Abstract

Profit Maximization in social advertising aims at selecting some users of social network as initial adopters and information sources to trigger the spread of promotion information such that the profit generated by all the adopters reaches maximum when the dissemination terminates. A lot of related works mainly study this problem under three assumptions: pure network, single product and one-dimension diffusion model. However, in real advertising activities conducted in social networks, advertisement of competitive products may spread almost at the same time. And there are many factors that can influence the probability with which a potential consumer makes an adoption. For the purpose of approximating real social advertising, we propose the Dual-Attribute Compete (DAC) model where attributes of both potential consumers and competitive products are taken into consideration and the information about competitive products can spread simultaneously.
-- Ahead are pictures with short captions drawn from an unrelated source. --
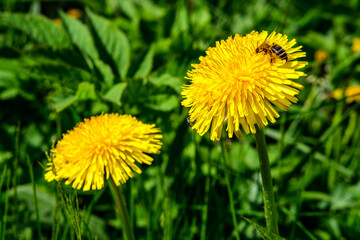 Two bright yellow dandelions lit by the summer sun among green grass. A bee sits on one of the dandelions and collects nectar.
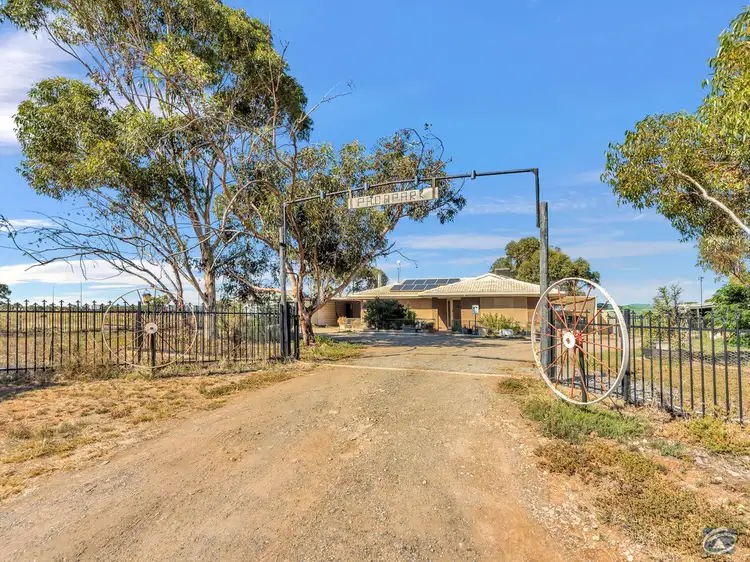Main view of Homely house listing, Lot 315, 20 Halstead Road West, Two Wells SA 5501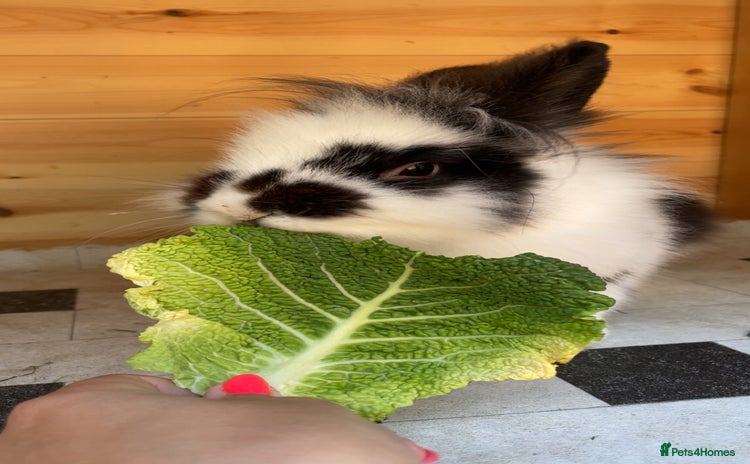 Lionhead rabbits - Advert 1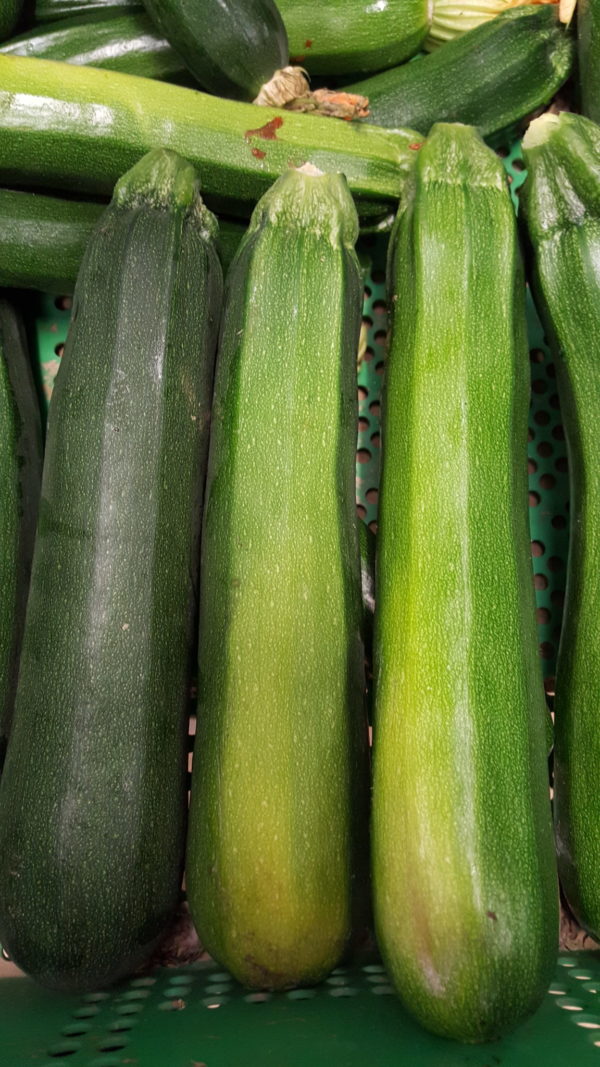 grosses courgettes 2019 au-potager-de-becheret.com©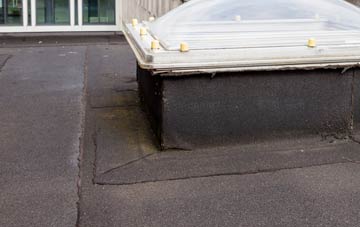 disadvantages of Baranailt flat roofs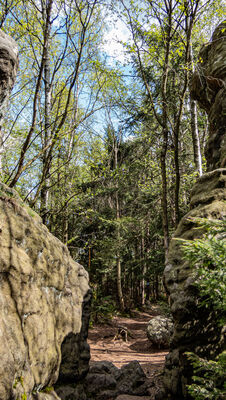 Las wzdłuż niebieskiego szlaku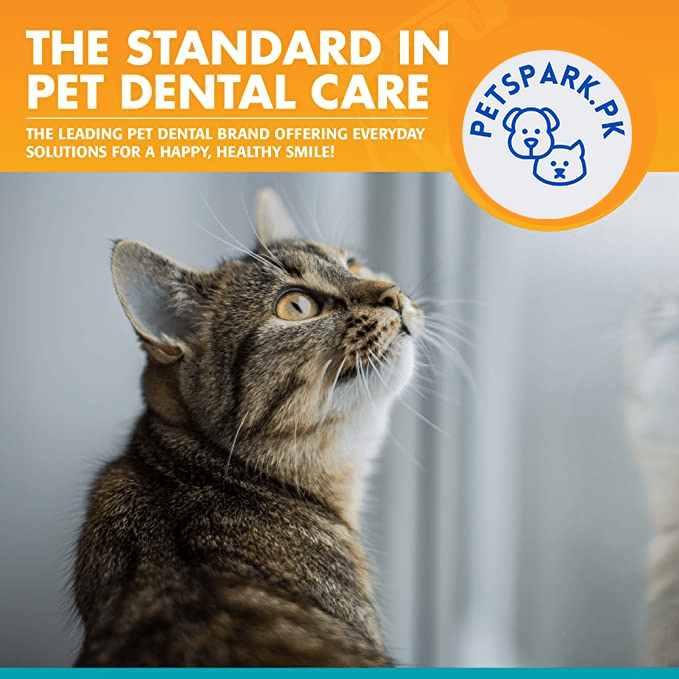 Dental Cleaning Set for Cats & Dogs - Image 3
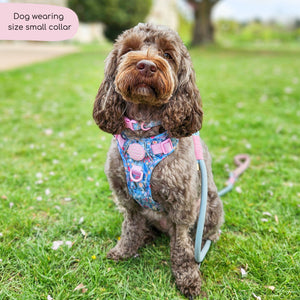 Collar - Whimsical Wildflowers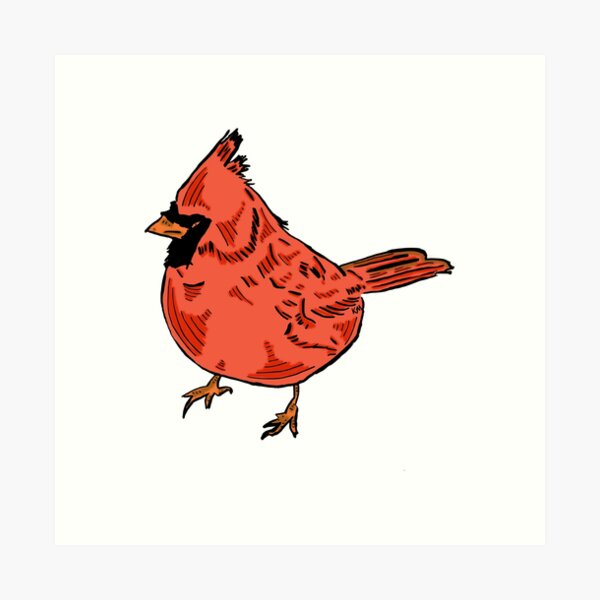 Cardinal Art Print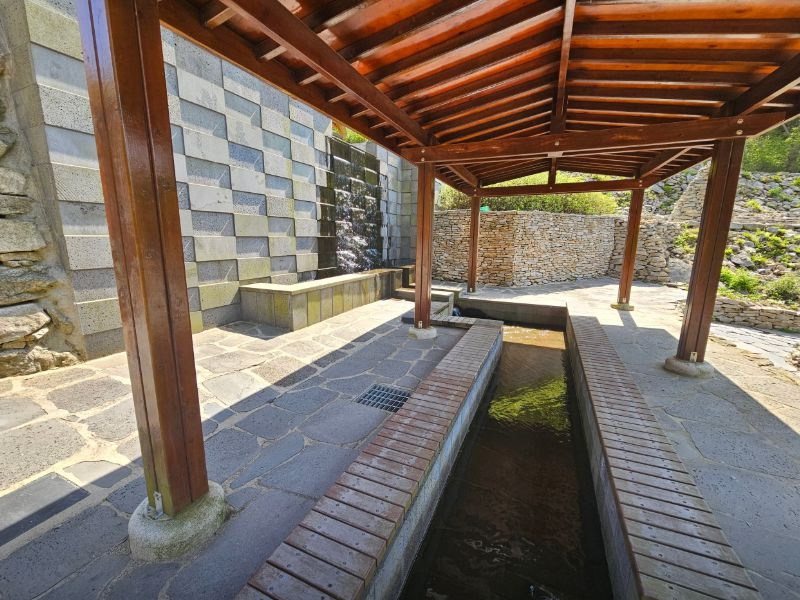 석모도 수목원 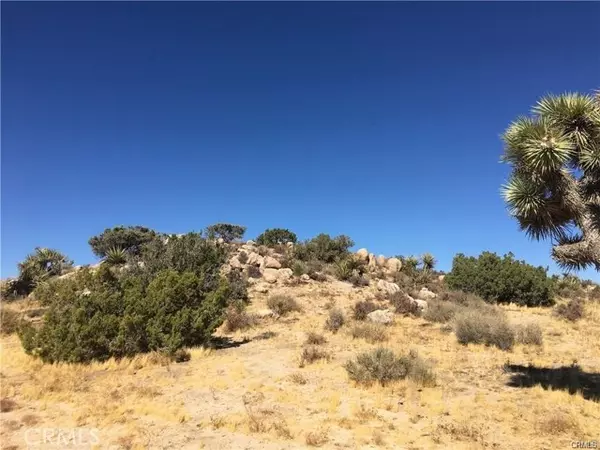 Yucca Valley, CA 92284,0 Sable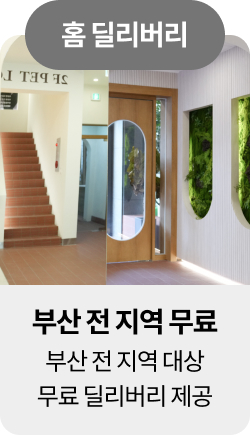 미유펫혜택_섹션1_15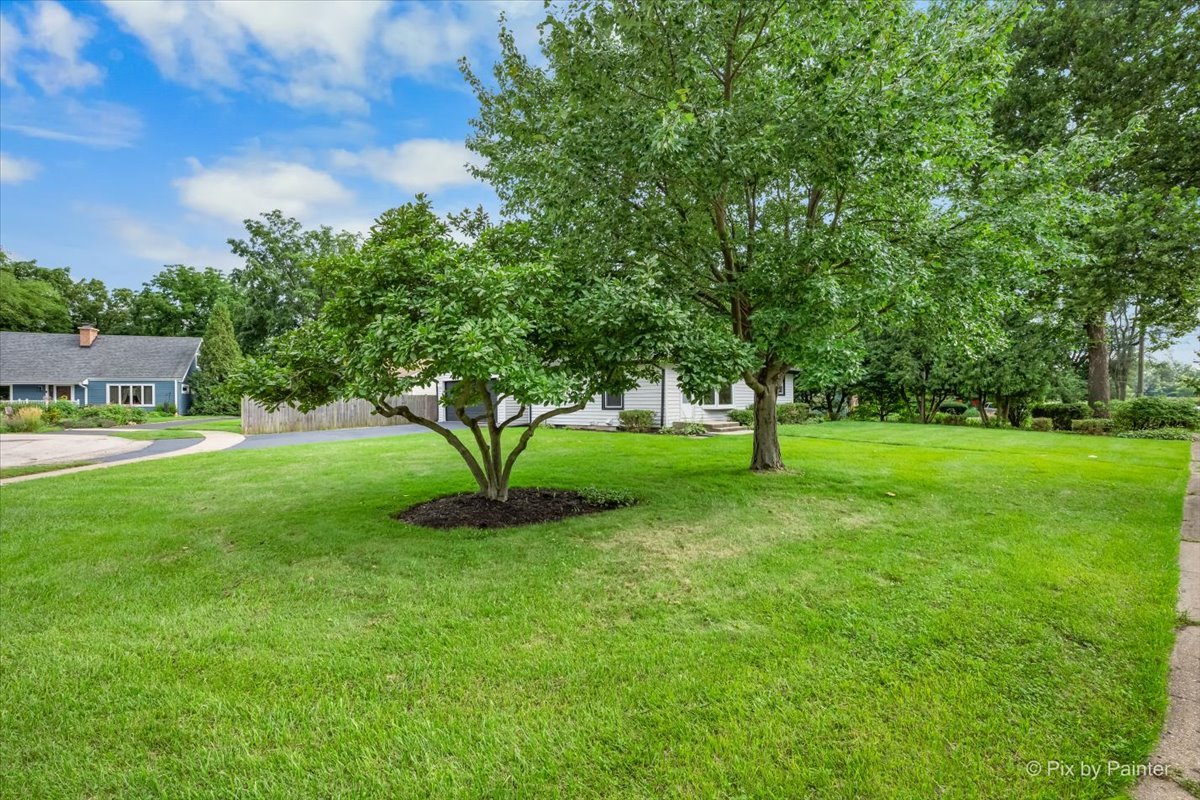 221 Sunset Terrace Property Photo 31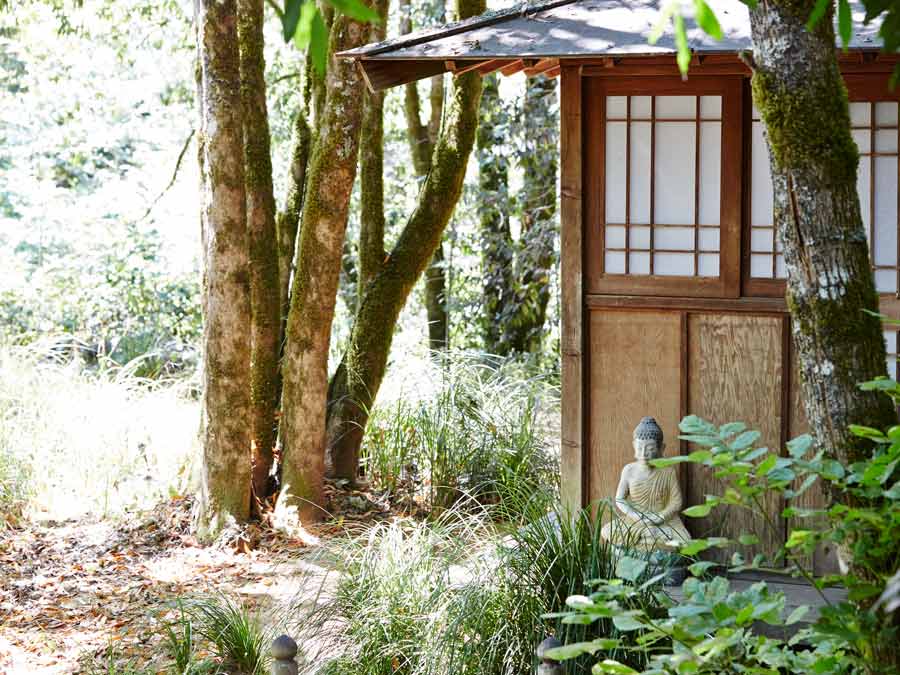 A Japanese style pagoda is surrounded by trees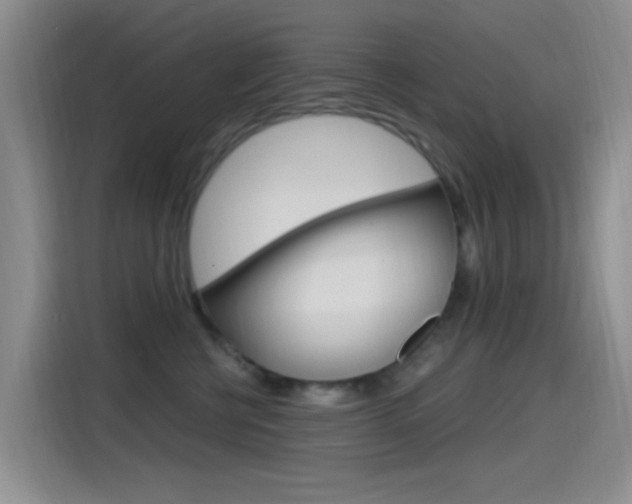 X0000115520570200911061025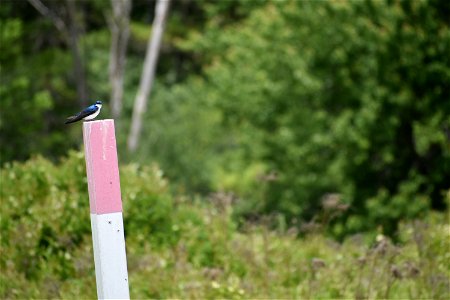 Tree Swallow on post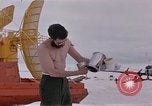 Image of man Antarctica, 1956, second 18 stock footage video 65675052040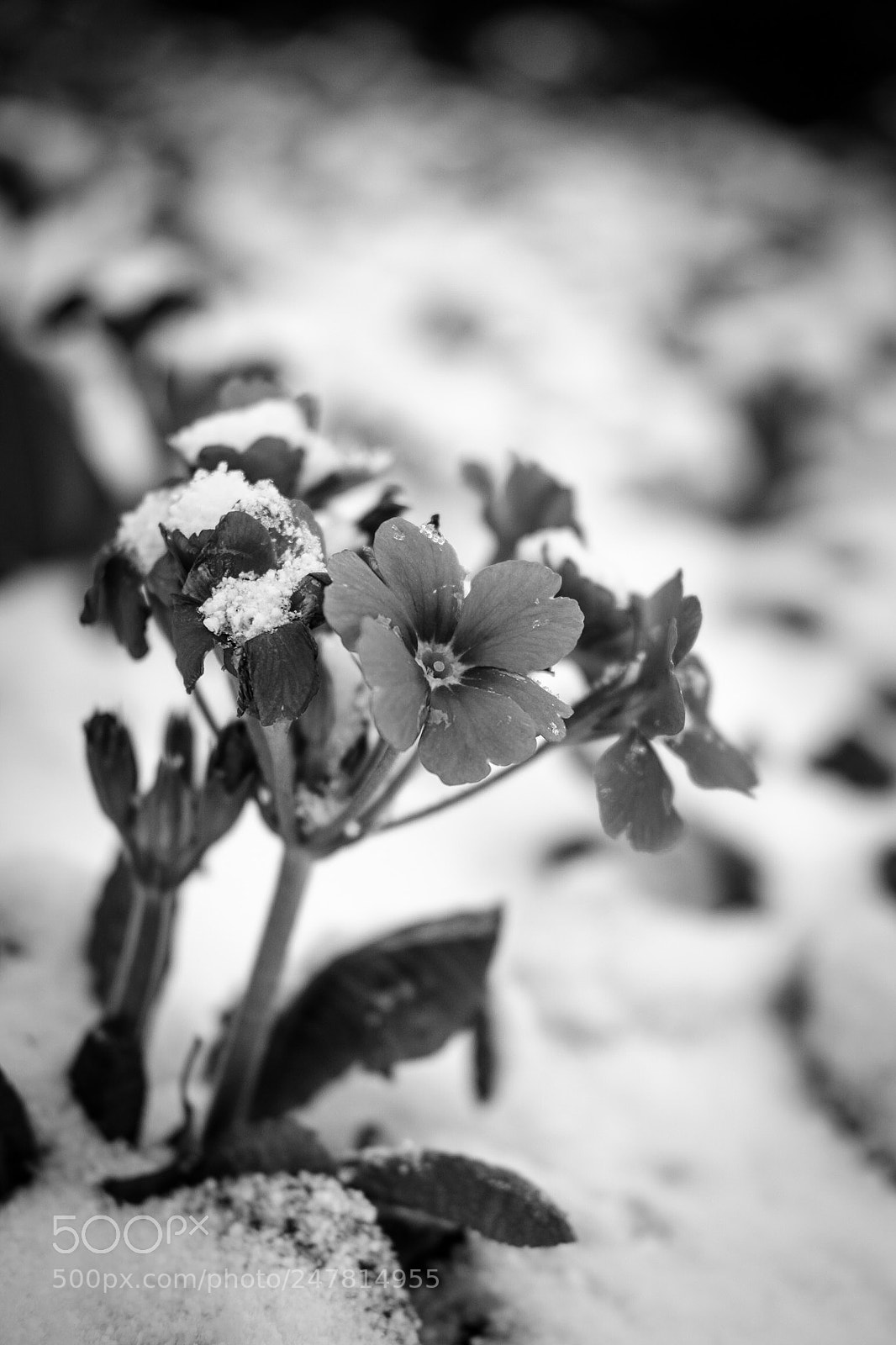 Fujifilm X-Pro1 sample photo. Untitled photography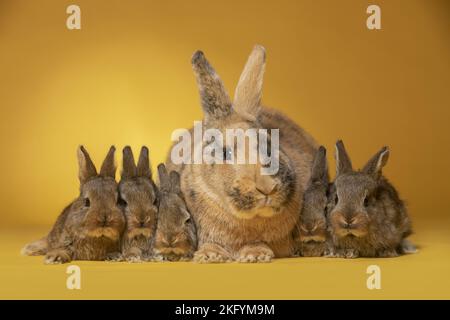 famille des lapins Banque D'Images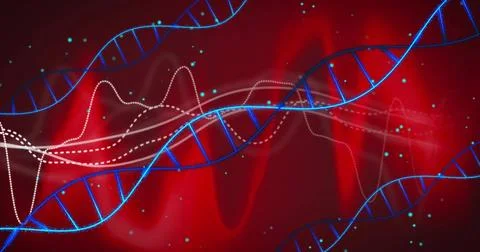 DNA strands and data waves, genetic research image over red background イラスト素材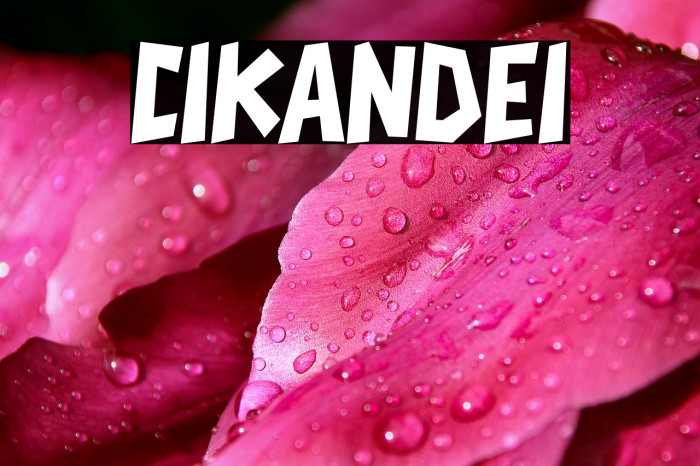 CIKANDEI Font examples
Therefore, it can capture not only the competition between different products but also the reaction of potential consumers to products. Under DAC model, we study the Competition-based Generalized Self-profit Maximization (CGSM) problem whose purpose is selecting at most k individuals to form an optimal seed set as the source of information diffusion to maximize the profit related to adopters. Given that the objective function of CGSM problem is generally nonsubmodular, we design R-CGSM algorithm to tackle it. Based on the analysis of martingale and the concept of Shapley value, this algorithm uses sandwich method to get a pretty good solution of CGSM problem. We evaluate the R-CGSM algorithm by conducting experiments on four different data sets representing a synthetic network and three social networks in real world, respectively. Results of experiments validate the effectiveness and accuracy of R-CGSM algorithm.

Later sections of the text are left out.